A negative prompt is a directive given to an AI model to exclude certain elements or features from the generated output. The speaker mentions a negative prompt file that helps to prevent unwanted elements, such as unnecessary fingers or limbs, from appearing in the generated images.

💡Text-to-Image

Text-to-Image is a process where AI models generate images based on textual descriptions. This is the core theme of the video, where the speaker explains how to use Stable Diffusion to create images from text prompts.

💡Sampling Method

Sampling method refers to the algorithm used by AI models to generate images from prompts. The speaker mentions 'dpn+' and 'sde' as common sampling methods used in Stable Diffusion.

💡CFG Scale

CFG Scale is a parameter in Stable Diffusion that determines how closely the generated image adheres to the input text prompt. A lower value gives the AI more freedom, while a higher value ensures the image closely follows the prompt.

💡Seed

In the context of AI image generation, a seed is a numerical value that determines the randomness of the output. By specifying a seed, the user can generate a consistent or desired outcome.

Highlights

The speaker is explaining the process of creating AI-generated images that resemble real-life photographs.

The process is complex, and the speaker has been contemplating how to simplify it for an audience.

The speaker plans to prepare a detailed, in-depth video on the subject, but today will focus on a simplified method.
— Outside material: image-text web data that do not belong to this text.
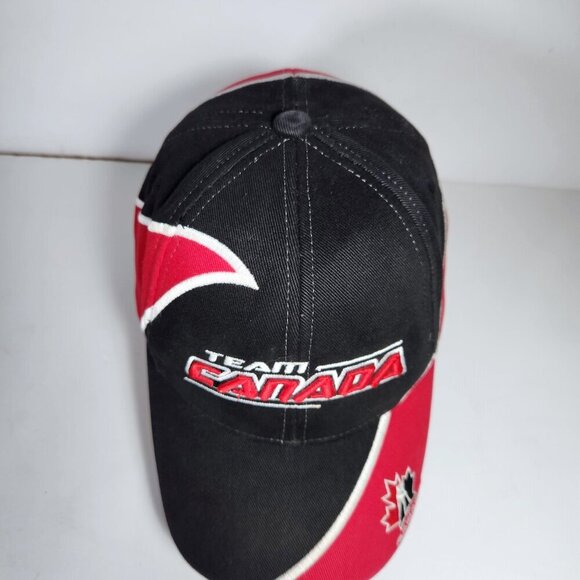 Puma Team Canada Hat Cap Youth Hook and Loop Shark Tooth Black Embroidered - Picture 5 of 10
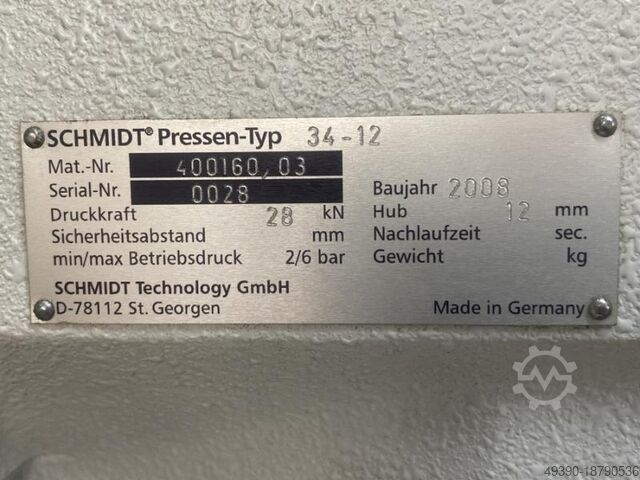 Pneumatic toggle press, compressed air press, pneumatic punch press, pneumatic press, pneumatic punc SCHMIDT 34-12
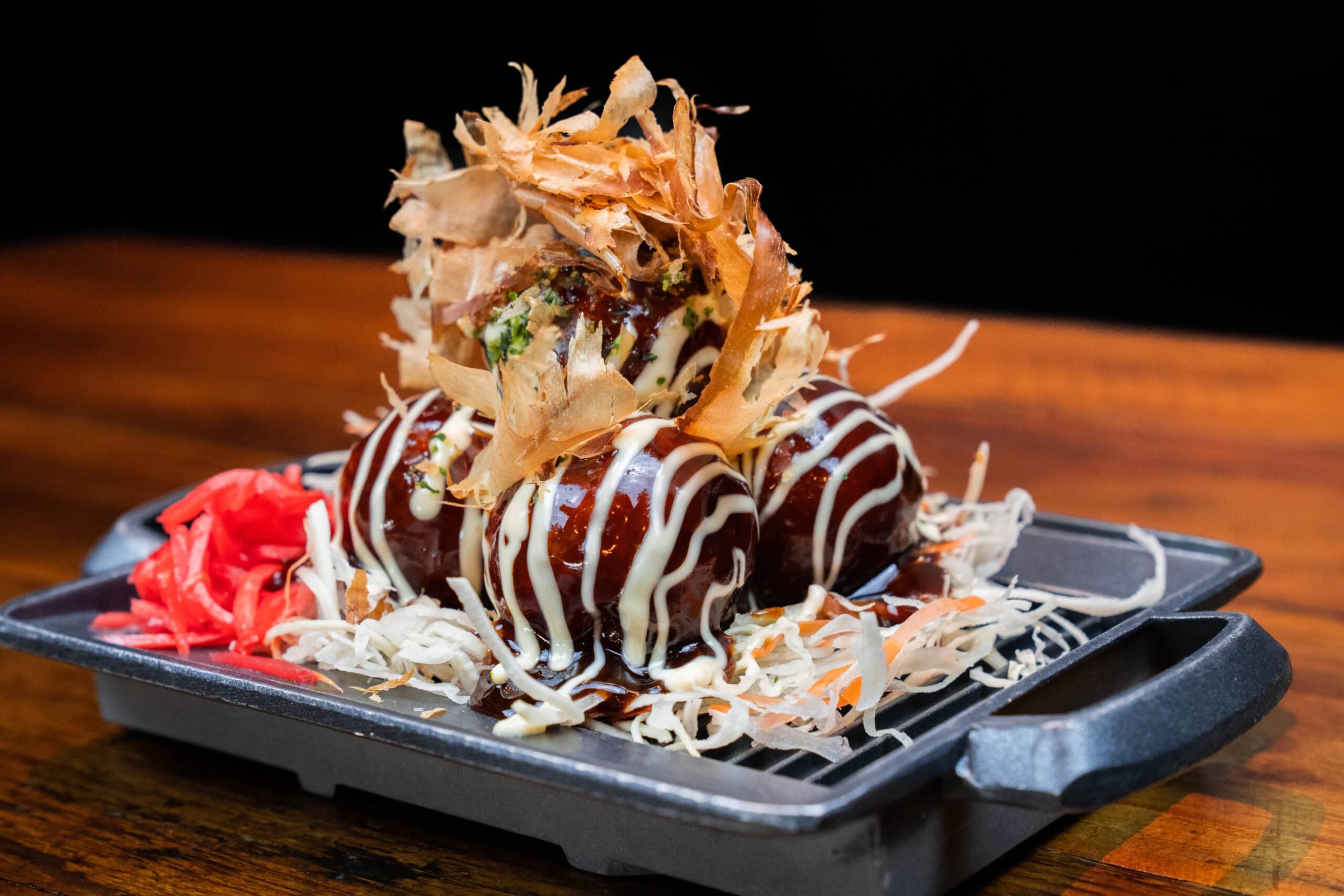 Octopus meatball ornately plated 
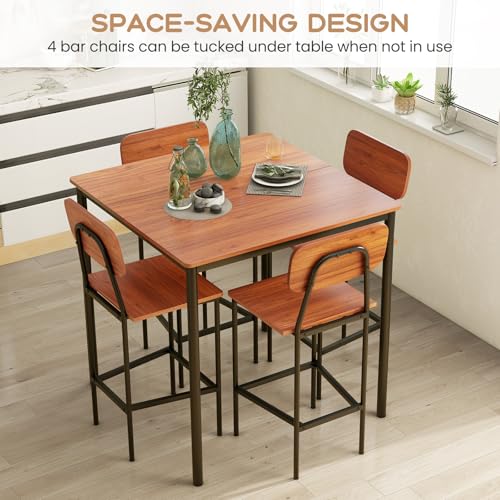 Giantex 5-Piece Dining Table Set W/Counter Height Table & 4 Bar Stools, Industrial Kitchen Dining Table Set W/Footrest & Backrest, Space-Saving Dinette Set for Pub, Dining Room, Restaurant (Walnut) - color: Walnut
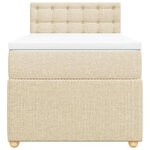 vidaXL Sommier à lattes de lit et matelas Crème 90x190 cm Tissu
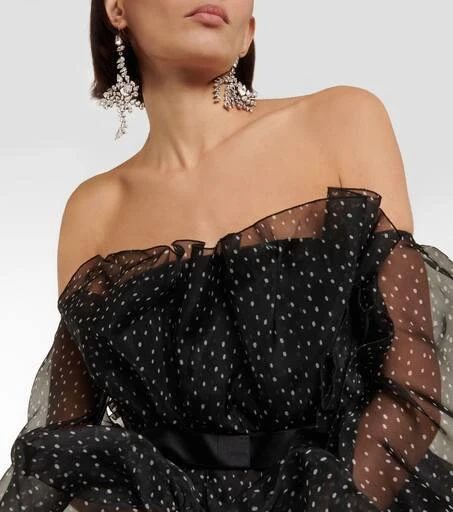 Giambattista Valli Polka-dot strapless silk mini dress 4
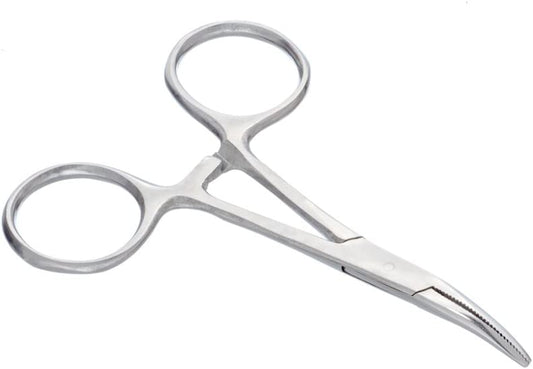 Sona 3-1/2" Stainless Steel Self-Locking Curved Forceps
There are four files that need to be downloaded before starting the process.

The first file, '체크 포인트' (Checkpoint), is a model that provides the overall image.

The second file, '로라' (Lora), is a model that focuses on specific parts, typically the face.

The third file, 'vae', is used for post-generation image adjustments to achieve a more photo-like quality.

The fourth file, '네티티브 프롬프트' (Negative Prompt), helps to prevent unnecessary elements like extra fingers or limbs from appearing in the generated image.

The speaker will guide the audience through the installation of Stable Diffusion Web UI, which can be done locally or using Google Colab.

Google Colab allows users to access Google's network and use Google's computers, providing high performance even on low-spec computers.

The speaker provides a step-by-step guide on how to access and use Google Colab for the image generation process.

The speaker emphasizes the importance of following the tutorial closely and not giving up, even if it seems complex at first.

The speaker explains how to upload the downloaded files to Google Drive and use them in the Stable Diffusion Web UI.

The speaker provides detailed instructions on how to set up the Stable Diffusion Web UI with the downloaded files.

The speaker discusses the various settings and options available in the Stable Diffusion Web UI, such as sampling methods and generation options.

The speaker explains the use of positive and negative prompts to guide the AI in generating the desired image.

The speaker warns about the commercial use of the models and their derivatives, emphasizing the need to credit the model and include a link to the model card.

The speaker plans to create a follow-up video with more detailed instructions on how to improve the quality and accuracy of the generated images.